At this point let me just quote the essence of the post. The most important statement is right in the beginning. Print this as a poster and put it to your wall :-)
The return keyword is not “optional” or “inferred”; it changes the
meaning of your program, and you should never use it.
It gives one example, where it actually breaks something, when you inline a function
// Inline add and addR
def sum(ns: Int*): Int = ns.foldLeft(0)((n, m) => n + m) // inlined add
scala> sum(33, 42, 99)
res2: Int = 174 // alright
def sumR(ns: Int*): Int = ns.foldLeft(0)((n, m) => return n + m) // inlined addR
scala> sumR(33, 42, 99)
res3: Int = 33 // um.
because
A return expression, when evaluated, abandons the current computation
and returns to the caller of the method in which return appears.
This is only one of the examples given in the linked post and it's the easiest to understand. There're more and I highly encourage you, to go there, read and understand.
When you come from imperative languages like Java, this might seem odd at first, but once you get used to this style it will make sense. Let me close with another quote:
If you find yourself in a situation where you think you want to return early, you need to re-think the way you have defined your computation.
I don't program Scala, but I use another language with implicit returns (Ruby).

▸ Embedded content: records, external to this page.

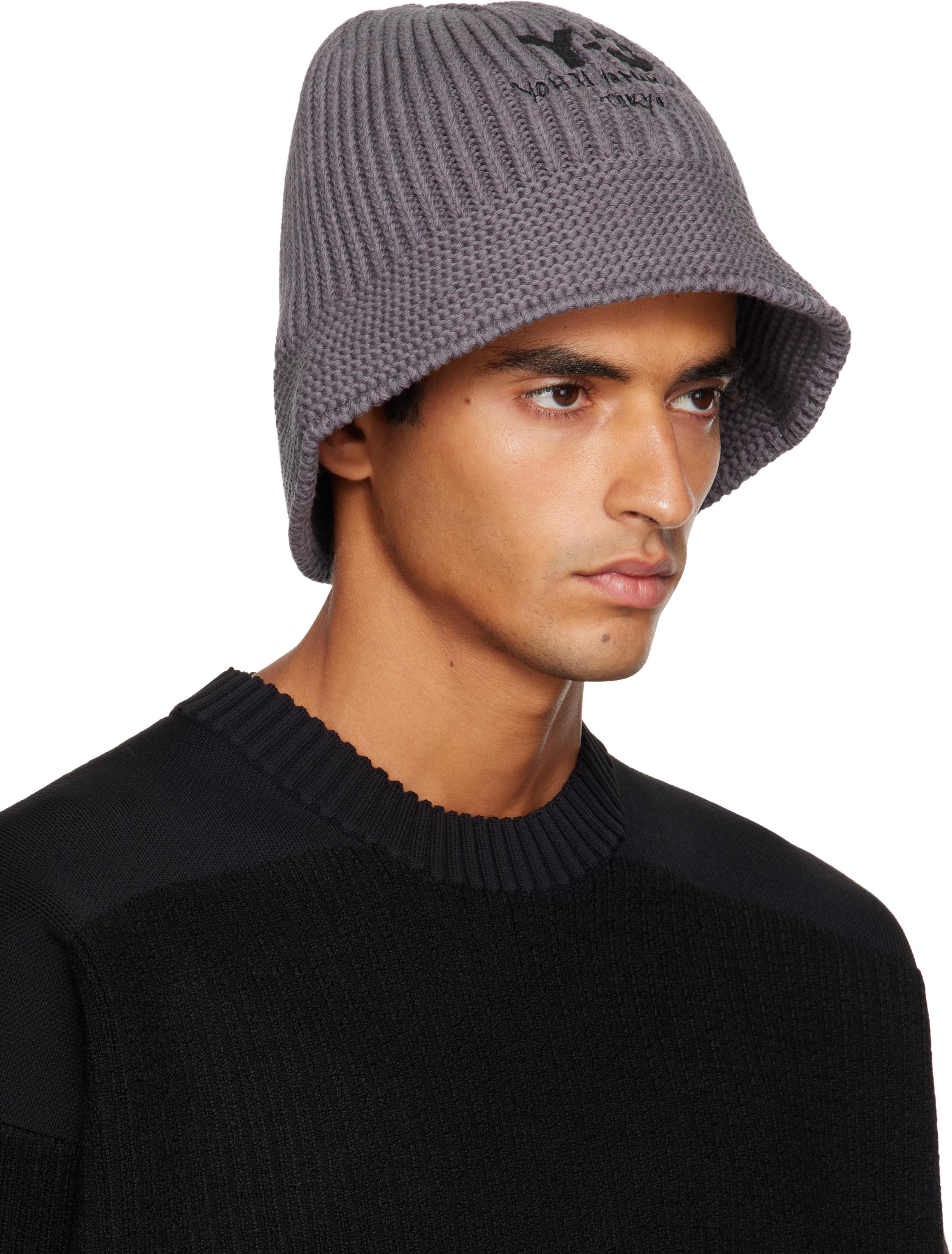 Y-3 Heritage Knit Bucket Hat in Black for Men | Lyst UK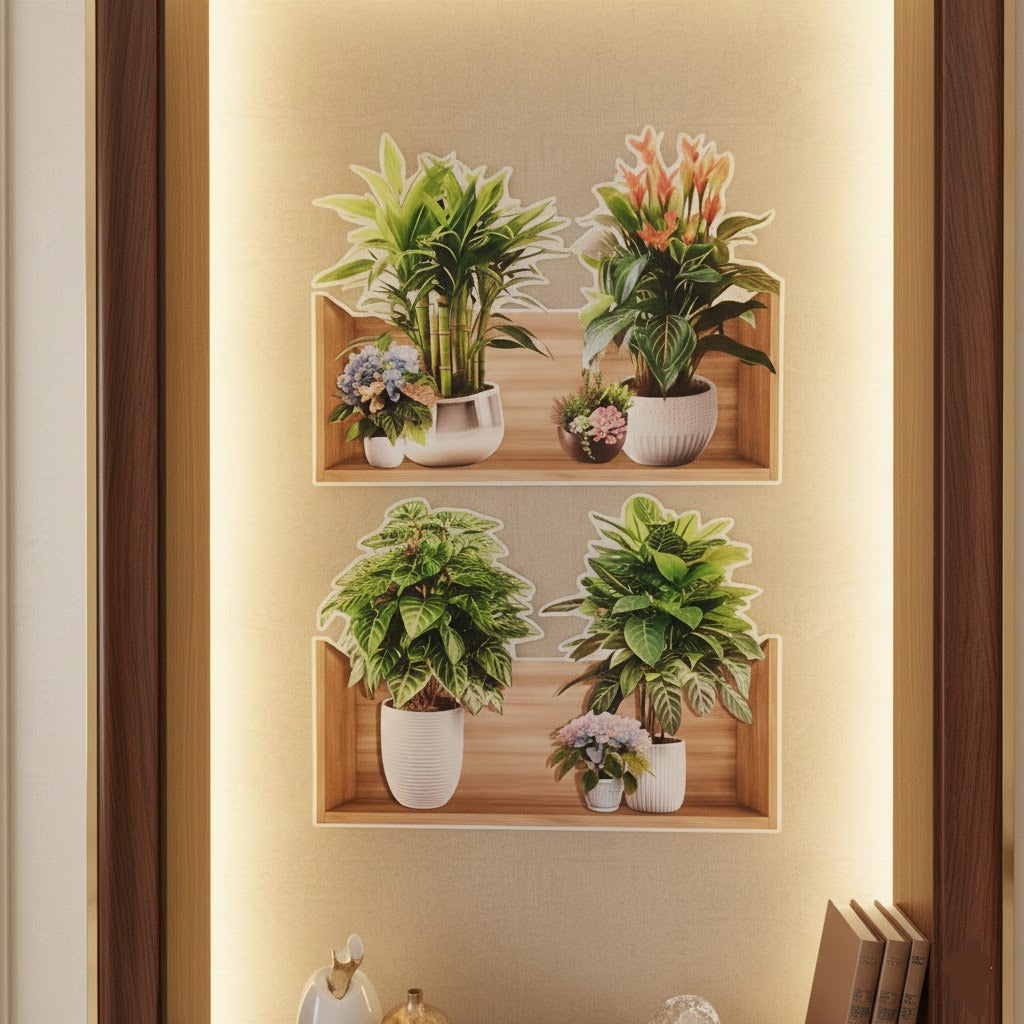 Simulation Plant Wall Sticker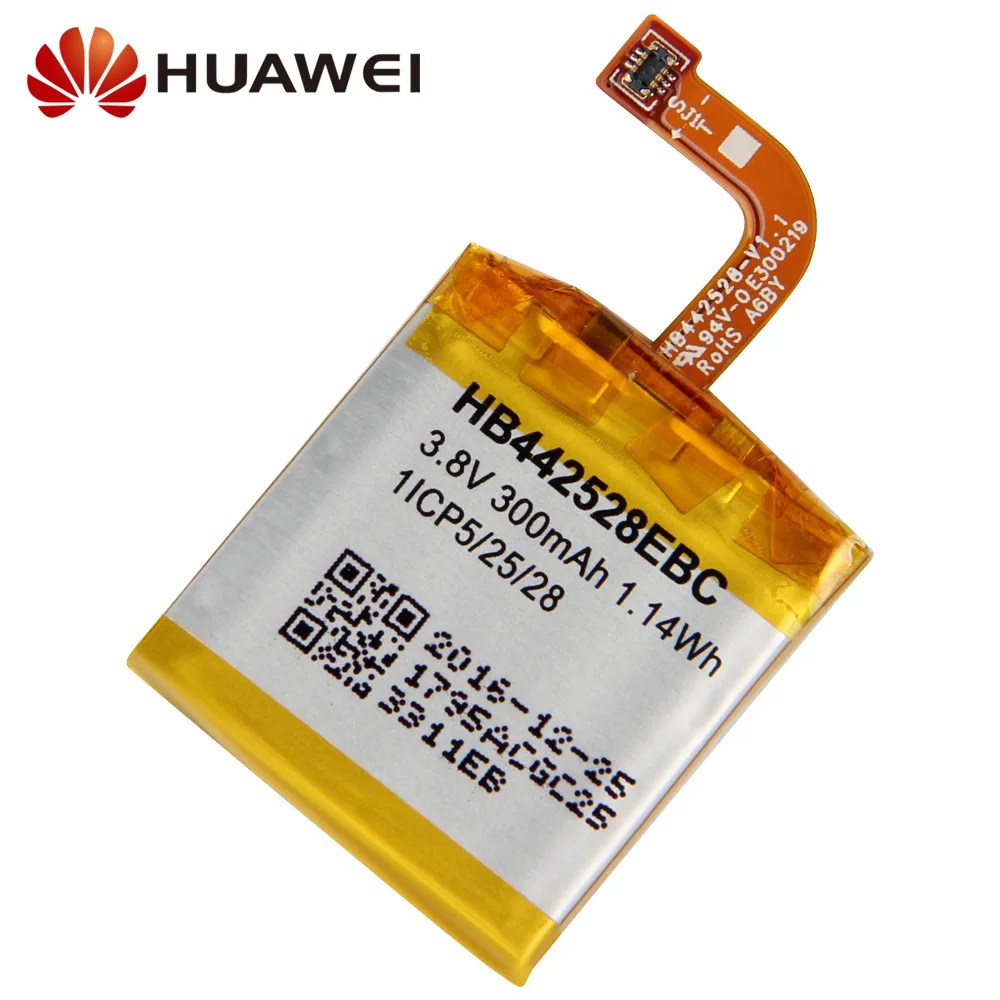 Оригинальный запасной аккумулятор Huawei HB442528EBC для Watch 1 300 мАч новый оригинальный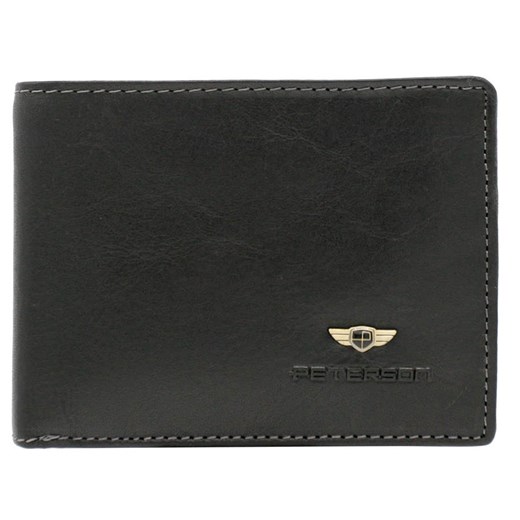 Portfel męski skórzany skóra naturalna Peterson ze sklepu lenaodniemowlakadoszkolniaka.pl w kategorii Portfele męskie - zdjęcie 187460341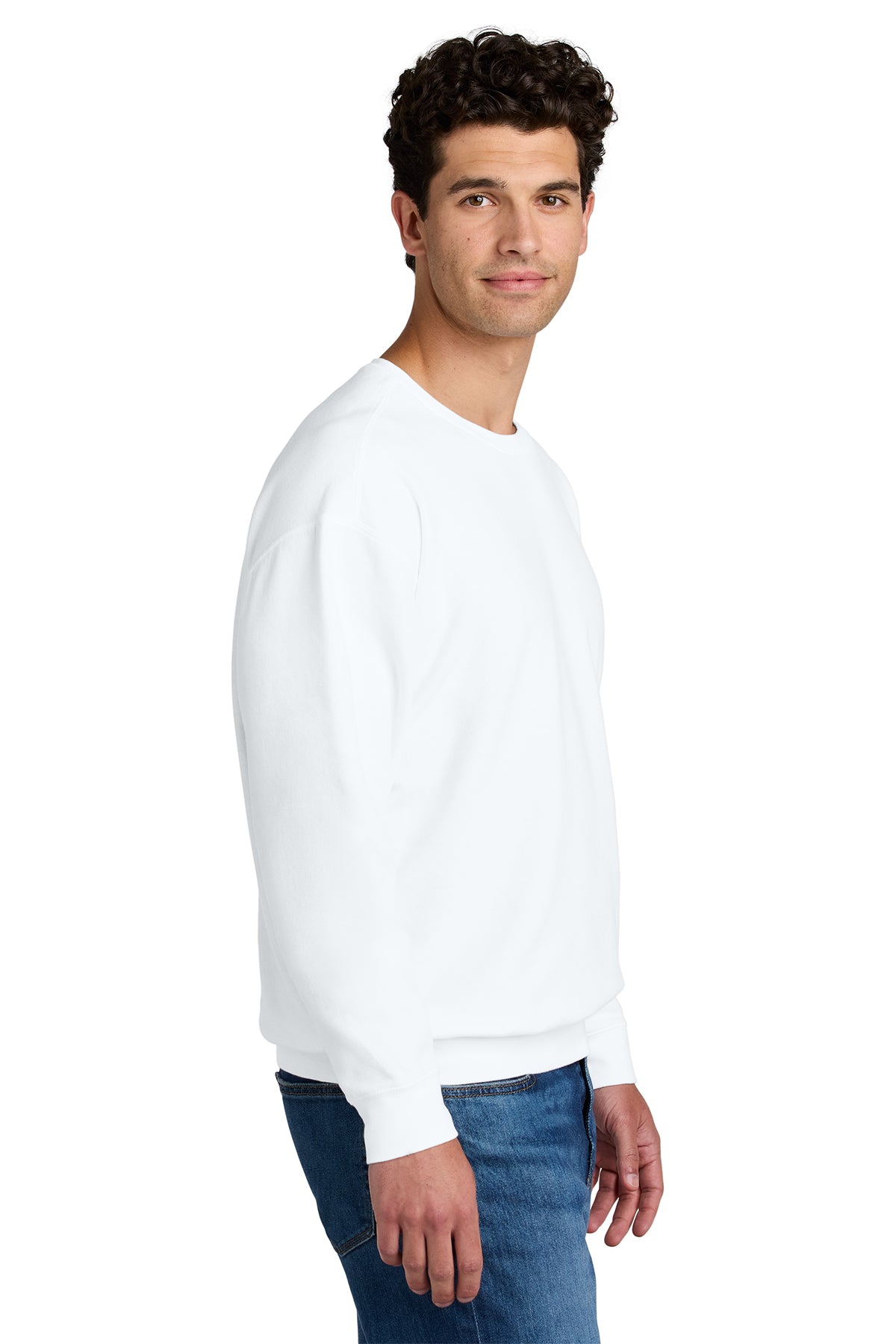 Comfort Colors® Lightweight Crewneck Sweatshirt -  Embroidered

You have code after your if (elem.isEmpty) block -- the last line of code is what's returned, which is why you're not getting what you're expecting.
EDIT: Here's a simpler way to write your function too. Just use the boolean value of isEmpty and count to return true or false automatically:
def balanceMain(elem: List[Char]): Boolean =
{
elem.isEmpty && count == 0
}
By default the last expression of a function will be returned.
In your example there is another expression after the point, where you want your return value.
If you want to return anything prior to your last expression, you still have to use return.
You could modify your example like this, to return a Boolean from the first part
def balanceMain(elem: List[Char]): Boolean = {
if (elem.isEmpty) {
// == is a Boolean resulting function as well, so your can write it this way
count == 0
} else {
// keep the rest in this block, the last value will be returned as well
if (elem.head == "(") {
balanceMain(elem.tail, open, count + 1)
}
// some more statements
...
// just don't forget your Boolean in the end
someBoolExpression
}
}
Don't write if statements without a corresponding else. Once you add the else to your fragment you'll see that your true and false are in fact the last expressions of the function.
def balanceMain(elem: List[Char]): Boolean =
{
if (elem.isEmpty)
if (count == 0)
true
else
false
else
if (elem.head == '(')
balanceMain(elem.tail, open, count + 1)
else....
Use case match for early return purpose. It will force you to declare all return branches explicitly, preventing the careless mistake of forgetting to write return somewhere.